As alterações mais importantes, porém, referem-se ao calcanhar de Aquiles das empresas em recuperação: o acesso a capital para manter o negócio funcionando. “Sem dinheiro novo, a empresa não se recupera”, diz o advogado Jairo Saddi, especializado em falências. “Quando chega ao ponto de pedir recuperação judicial, ela já consumiu todos os seus recursos, todas as linhas de crédito e tudo o que pode ser dado em garantia.” Uma das soluções é aumentar o interesse por ativos da empresa em recuperação que podem ser vendidos, blindando esses bens dos riscos de sucessão em processos trabalhistas e fiscais.

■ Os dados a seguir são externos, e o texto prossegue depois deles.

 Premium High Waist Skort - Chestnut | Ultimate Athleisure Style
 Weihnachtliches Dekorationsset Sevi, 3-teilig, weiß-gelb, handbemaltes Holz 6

O espírito da lei aprovada em 2005 visava alinhar os interesses dos credores com os dos controladores da empresa, mas a ordem de pagamento das dívidas acabou tornando essa mudança inócua. “Quem concede empréstimos a companhias nessa situação vai para o fim da fila dos credores e, assim, corre um sério risco de não receber”, diz o consultor Telmo Schoeler, presidente da Orchestra Soluções Empresariais. “Crédito novo é fundamental para a recuperação, e quem o concede deve ser privilegiado.” Não por acaso, uma das principais mudanças é a criação de uma categoria especial de credores, que receberiam o nome técnico de extra-concursais. A denominação assustadora é simples de explicar. “Ao emprestar dinheiro novo para a empresa, os credores extra-concursais vão para o início da fila na hora de receber”, diz Saddi.

Os advogados avaliam que essa deverá ser uma das alterações mais difíceis de ser aprovada no Congresso, com o argumento que ela pode prejudicar os trabalhadores. Parte mais frágil do processo, eles são protegidos pela lei atual e recebem em primeiro lugar no caso de a empresa em recuperação não sobreviver. Mudar isso será difícil, mas essencial, diz Saddi. “Fisco e trabalhadores não vão gostar de ver alguém passar à frente na fila dos pagamentos, mas a verdade é que, sem dinheiro novo, a empresa não sobrevive.”